::: Data

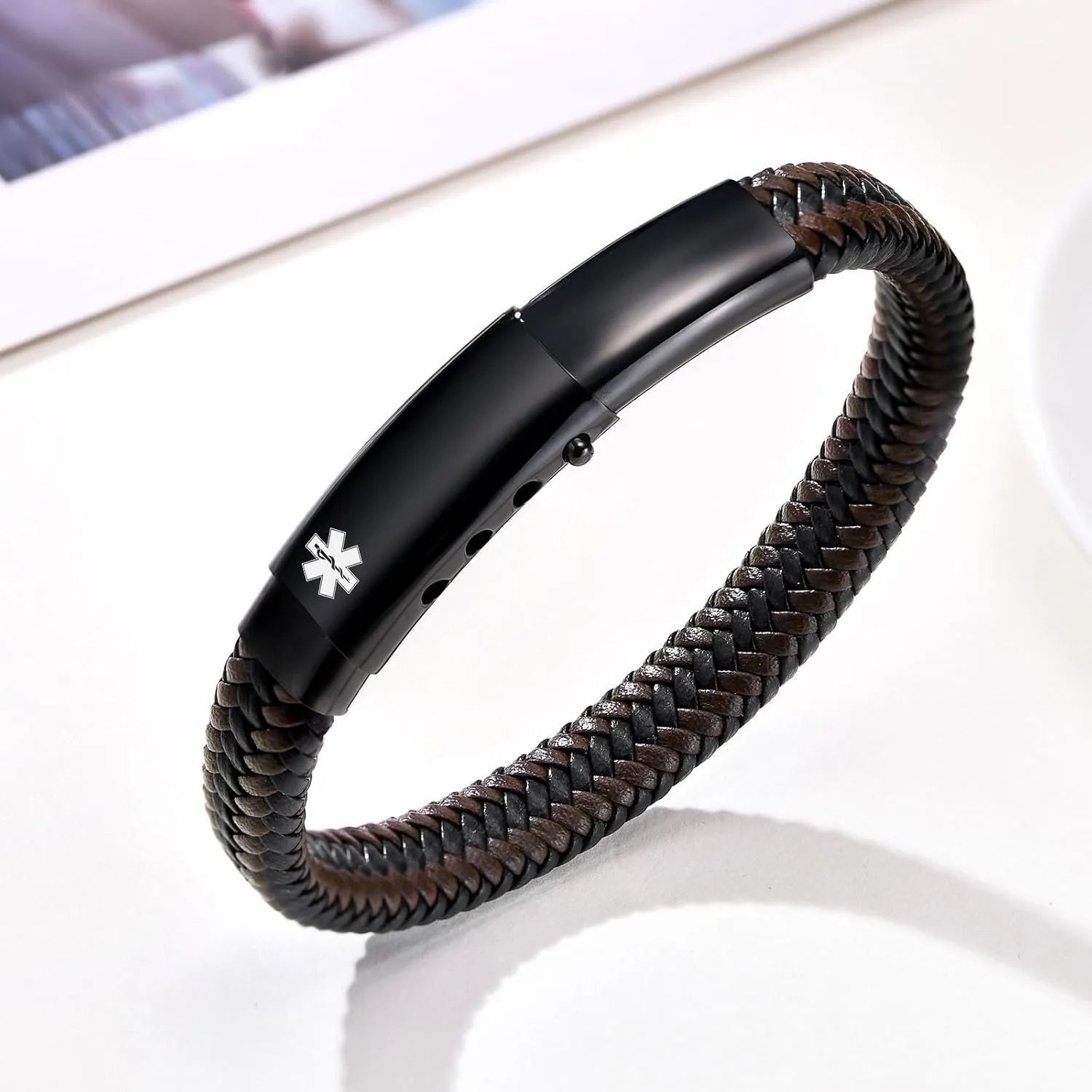 Personalized Medical Alert Bracelet for Men - Custom Stainless Steel and 2-Tone Braided Leather Medical ID Bracelets, Adjustable Emergency Medic ID Bracelet for Autism Allergy Diabetic Asthma Epilepsy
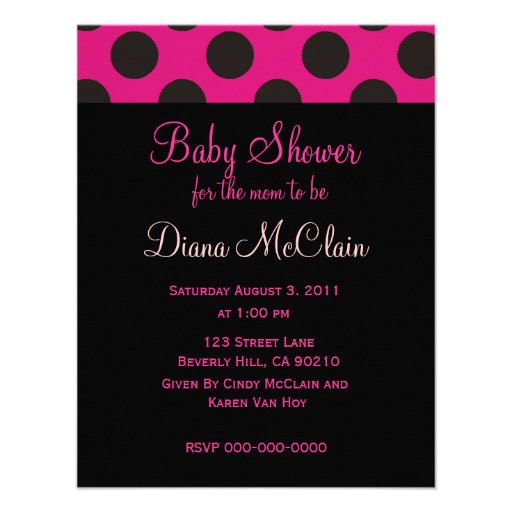 Hot Pink and Black Polka Dots Custom Announcements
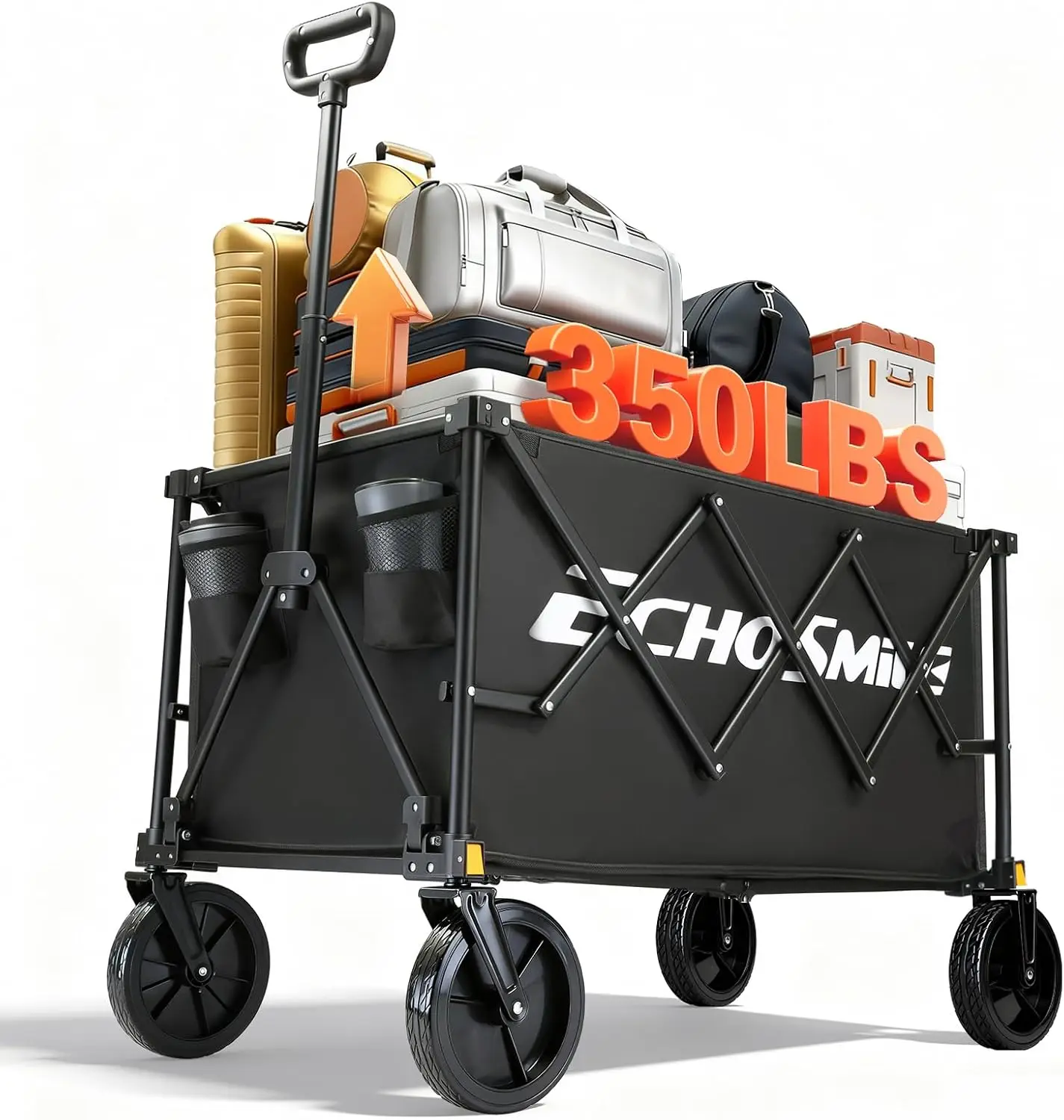 

Сверхмощная складная тележка емкостью 350 фунтов, вездеходные колеса для кемпинга, пляжа, сада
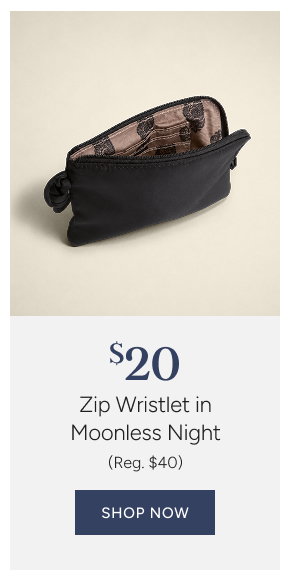 $20 Zip Wristlet in Moonless Night (reg. $40)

::::::

_Task description_
What is needed is every line from the one with "Сверхмощная складная тележка" to the final line of the listing above, set down exactly and with the pictures left out.

_Solved problem_
Сверхмощная складная тележка емкостью 350 фунтов, вездеходные колеса для кемпинга, пляжа, сада
 $20 Zip Wristlet in Moonless Night (reg. $40)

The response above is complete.